It was my Australian friend (who I shall refer to as Saucy to help preserve his low profile, "under-the-radar" attitude towards the Internet), who got me into video. It took a while and quite a lot of money to get started. Hence Saucy and I spent quite a bit of time in Shinjuku's legendary Fedora bar in the early 1990s, trying to decide if genlocks were required for my edting set up, but not how to pronounce them, which was a serious oversight that we found out about later on.
My first system was a NewTek Video Toaster in an Amiga 2000, hooked up to a Mac IIcx coupled with a Sundance MMI and Q-cut/Q-base interface controlling three professional JVC S-VHS decks. All in all, this system cost me in excess of ¥4,500,000 (more than two-thirds of my annual salary at the time).
This is the set up I used to produce my first videos, which were mainly recordings of live entertaiment events, including stage productions of Dangerous Liasons, Othello and The Crucible. One of the problems of spending all of my money on the gear was that there was no money left over to spend on getting trained properly. This meant that a lot of mistakes were made and it took ages to fix them. In hindsight, knowing what one is doing is more important than having the equipment.
The period from 1996-2002, was spent working on a magnificent, but little-seen documentary called Things To Do in Tokyo When You're Fired. This followed the activities of sixteen teachers fired from a foreign language college in Tokyo for being members of a union. Hundreds of hours of video was recorded, but unlike Andy Warhols approach, I edited this down to about twenty minutes. From 1998, the switch was made from S-VHS to working with DV tape and editing in Adobe Premier.
After completion of the documentary, suddenly my fortunes miraculously changed and new hardware and software could be afforded. Goodbye Toaster, Amiga and AB-Roll. Hello PowerMac G4 and non-linear editing, to go with my new lifestyle. It was also then that Final Cut Pro replaced Premier as my editor of choice.
Once my publishing company was established, attention turned to short-form videos. Most were simple, conversational talking heads videos. Scattered into the mix have been some spur-of-the-moment gems: ChocoLuck, Urara's Tale, You Don't Like Anything Hot, Do You?, Hand of Bob and The One-Sided Interview.

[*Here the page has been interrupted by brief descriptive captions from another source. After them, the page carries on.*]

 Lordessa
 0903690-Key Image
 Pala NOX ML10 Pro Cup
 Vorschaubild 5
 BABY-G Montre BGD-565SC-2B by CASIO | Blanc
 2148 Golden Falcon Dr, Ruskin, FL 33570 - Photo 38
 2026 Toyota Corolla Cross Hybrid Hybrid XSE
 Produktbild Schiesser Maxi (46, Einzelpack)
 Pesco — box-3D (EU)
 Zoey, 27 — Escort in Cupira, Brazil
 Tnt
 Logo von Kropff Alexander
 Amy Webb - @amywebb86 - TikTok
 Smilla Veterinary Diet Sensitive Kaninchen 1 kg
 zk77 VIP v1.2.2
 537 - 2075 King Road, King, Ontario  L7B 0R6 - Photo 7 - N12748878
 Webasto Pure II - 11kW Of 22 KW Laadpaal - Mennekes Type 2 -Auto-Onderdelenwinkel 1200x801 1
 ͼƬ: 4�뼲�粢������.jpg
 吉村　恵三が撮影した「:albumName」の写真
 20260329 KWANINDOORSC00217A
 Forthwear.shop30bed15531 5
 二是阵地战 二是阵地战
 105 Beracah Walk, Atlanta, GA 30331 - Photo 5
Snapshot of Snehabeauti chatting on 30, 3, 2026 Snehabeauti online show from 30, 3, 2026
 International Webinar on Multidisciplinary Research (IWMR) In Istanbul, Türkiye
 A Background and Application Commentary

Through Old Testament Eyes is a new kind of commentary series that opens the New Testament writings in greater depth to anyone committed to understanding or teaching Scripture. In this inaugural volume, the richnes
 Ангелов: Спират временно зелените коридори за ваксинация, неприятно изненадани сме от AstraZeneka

These went onto DVD using DVD Studio Pro, which I still keep running. One day an OS upgrade is bound to break it, so I am making things ready for online content delivery. The next generation of videos will be 4K or 8K, and so it goes on.
Most of the recent work has been audio-only conversations delivered on CD and online. This is pretty boring, but at least I have found a great tool to clean up the mess we usually make during recording: iZotope's RX Advanced. If only we had had this in the early days!
Some of the old videos should be online somwhere. When I find out where they are, I will link to them here.
The Video Toaster interface: Note the falling sheep transition in column one, row three. Nice!